**About this exercise:** Give back exactly the lines of the entries below from the line with "Select the columns" to the line with "In this video we're", inclusive, and only those.

___ Extracted material

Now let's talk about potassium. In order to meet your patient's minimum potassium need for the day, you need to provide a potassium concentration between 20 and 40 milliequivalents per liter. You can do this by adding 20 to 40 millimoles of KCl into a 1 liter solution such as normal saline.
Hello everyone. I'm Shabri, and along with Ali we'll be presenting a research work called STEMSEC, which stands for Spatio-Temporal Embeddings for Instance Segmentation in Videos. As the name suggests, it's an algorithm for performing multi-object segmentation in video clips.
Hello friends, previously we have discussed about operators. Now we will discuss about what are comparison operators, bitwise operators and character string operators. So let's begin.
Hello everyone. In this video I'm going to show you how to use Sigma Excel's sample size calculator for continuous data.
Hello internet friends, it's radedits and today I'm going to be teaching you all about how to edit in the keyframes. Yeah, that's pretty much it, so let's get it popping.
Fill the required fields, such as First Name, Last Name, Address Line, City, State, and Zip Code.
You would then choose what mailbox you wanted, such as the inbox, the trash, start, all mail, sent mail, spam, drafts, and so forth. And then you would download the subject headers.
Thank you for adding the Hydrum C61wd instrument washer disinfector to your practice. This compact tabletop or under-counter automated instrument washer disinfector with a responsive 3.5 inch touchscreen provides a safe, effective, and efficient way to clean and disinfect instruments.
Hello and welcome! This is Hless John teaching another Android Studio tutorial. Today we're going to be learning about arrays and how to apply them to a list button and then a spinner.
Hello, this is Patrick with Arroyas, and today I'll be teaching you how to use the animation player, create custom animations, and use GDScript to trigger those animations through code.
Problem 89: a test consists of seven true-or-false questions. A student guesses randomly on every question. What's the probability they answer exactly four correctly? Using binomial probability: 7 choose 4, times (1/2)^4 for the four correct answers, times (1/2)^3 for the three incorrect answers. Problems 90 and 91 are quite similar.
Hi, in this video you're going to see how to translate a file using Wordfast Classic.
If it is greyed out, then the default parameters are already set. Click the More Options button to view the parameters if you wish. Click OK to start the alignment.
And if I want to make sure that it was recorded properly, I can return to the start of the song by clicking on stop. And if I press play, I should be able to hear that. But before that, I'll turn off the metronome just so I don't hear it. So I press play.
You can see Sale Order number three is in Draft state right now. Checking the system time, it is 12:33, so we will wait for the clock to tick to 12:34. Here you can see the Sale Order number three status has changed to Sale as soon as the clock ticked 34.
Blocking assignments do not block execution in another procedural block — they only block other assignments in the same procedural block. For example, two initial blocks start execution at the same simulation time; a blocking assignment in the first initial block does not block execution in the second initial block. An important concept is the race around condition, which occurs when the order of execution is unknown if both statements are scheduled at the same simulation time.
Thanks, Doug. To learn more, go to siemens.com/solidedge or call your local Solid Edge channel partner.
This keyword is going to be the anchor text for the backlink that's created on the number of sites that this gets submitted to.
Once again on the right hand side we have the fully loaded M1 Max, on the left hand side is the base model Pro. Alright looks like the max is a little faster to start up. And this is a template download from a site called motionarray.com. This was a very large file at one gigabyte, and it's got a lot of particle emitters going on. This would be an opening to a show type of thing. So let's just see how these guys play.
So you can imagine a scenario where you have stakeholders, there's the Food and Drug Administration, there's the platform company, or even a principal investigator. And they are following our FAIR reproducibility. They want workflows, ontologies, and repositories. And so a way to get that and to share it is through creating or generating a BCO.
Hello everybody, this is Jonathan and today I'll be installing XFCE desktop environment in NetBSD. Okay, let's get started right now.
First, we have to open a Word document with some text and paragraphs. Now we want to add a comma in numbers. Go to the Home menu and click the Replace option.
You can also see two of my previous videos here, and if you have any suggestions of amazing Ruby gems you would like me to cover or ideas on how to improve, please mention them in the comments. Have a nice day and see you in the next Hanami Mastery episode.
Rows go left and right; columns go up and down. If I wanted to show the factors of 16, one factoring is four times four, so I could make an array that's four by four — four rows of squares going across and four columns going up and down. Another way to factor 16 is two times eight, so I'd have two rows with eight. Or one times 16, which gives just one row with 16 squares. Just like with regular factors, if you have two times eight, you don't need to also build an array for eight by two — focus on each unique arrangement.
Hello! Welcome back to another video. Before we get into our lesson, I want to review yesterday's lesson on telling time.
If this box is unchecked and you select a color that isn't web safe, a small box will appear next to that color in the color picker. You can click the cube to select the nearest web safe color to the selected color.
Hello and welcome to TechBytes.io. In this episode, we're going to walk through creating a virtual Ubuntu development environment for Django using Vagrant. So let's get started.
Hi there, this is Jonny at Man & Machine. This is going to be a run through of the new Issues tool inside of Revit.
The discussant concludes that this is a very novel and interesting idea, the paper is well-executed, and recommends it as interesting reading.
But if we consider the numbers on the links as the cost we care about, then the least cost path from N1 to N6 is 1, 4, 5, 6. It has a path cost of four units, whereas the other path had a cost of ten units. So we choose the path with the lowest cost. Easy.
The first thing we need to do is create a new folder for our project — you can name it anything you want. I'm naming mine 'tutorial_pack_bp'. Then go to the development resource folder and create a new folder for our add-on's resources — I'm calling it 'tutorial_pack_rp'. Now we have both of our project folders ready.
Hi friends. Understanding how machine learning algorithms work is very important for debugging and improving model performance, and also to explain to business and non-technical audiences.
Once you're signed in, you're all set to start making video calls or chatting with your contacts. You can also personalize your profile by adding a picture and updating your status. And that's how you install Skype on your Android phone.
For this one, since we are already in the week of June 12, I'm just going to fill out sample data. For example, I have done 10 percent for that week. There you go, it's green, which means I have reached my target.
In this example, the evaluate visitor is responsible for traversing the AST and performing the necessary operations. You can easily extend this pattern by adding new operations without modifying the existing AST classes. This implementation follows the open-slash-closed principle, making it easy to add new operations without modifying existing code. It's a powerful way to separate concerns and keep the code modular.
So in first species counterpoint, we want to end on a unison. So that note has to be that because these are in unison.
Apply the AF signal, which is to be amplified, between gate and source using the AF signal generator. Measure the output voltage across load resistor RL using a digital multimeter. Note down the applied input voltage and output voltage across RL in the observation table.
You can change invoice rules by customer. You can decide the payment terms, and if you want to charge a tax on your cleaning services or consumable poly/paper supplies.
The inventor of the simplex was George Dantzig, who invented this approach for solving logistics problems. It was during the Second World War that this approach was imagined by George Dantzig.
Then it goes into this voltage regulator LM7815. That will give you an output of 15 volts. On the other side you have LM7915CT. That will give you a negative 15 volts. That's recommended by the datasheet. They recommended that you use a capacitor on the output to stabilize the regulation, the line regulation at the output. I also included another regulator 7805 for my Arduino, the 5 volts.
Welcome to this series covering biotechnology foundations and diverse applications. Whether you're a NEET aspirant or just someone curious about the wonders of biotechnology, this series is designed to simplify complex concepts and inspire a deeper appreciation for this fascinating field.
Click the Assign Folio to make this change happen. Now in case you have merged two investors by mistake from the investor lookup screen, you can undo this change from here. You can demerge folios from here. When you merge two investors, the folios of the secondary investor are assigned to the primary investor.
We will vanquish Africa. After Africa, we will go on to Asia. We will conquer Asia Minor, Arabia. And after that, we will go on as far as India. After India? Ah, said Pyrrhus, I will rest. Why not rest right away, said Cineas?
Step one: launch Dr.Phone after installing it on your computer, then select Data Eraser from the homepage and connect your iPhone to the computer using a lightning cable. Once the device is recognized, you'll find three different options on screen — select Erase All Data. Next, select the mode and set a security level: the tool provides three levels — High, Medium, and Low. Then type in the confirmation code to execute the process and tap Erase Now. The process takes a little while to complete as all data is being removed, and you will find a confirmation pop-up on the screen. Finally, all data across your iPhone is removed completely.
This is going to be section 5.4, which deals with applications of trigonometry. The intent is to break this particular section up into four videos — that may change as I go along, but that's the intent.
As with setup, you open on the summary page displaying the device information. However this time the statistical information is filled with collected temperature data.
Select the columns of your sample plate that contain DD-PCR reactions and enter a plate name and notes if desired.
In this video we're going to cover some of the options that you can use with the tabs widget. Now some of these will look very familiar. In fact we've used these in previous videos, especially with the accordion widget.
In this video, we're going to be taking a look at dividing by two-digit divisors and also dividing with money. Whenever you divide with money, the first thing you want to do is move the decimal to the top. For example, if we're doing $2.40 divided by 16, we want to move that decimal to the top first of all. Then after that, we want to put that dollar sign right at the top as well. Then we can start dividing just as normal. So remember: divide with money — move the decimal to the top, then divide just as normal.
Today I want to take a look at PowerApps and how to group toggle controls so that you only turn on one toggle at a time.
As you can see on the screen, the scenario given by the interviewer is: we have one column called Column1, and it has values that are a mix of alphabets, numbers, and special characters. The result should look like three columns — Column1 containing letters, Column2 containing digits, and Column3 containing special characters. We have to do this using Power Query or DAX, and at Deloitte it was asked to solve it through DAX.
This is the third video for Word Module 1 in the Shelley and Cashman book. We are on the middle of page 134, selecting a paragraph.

______

**Answer area:**
Select the columns of your sample plate that contain DD-PCR reactions and enter a plate name and notes if desired.
In this video we're going to cover some of the options that you can use with the tabs widget. Now some of these will look very familiar. In fact we've used these in previous videos, especially with the accordion widget.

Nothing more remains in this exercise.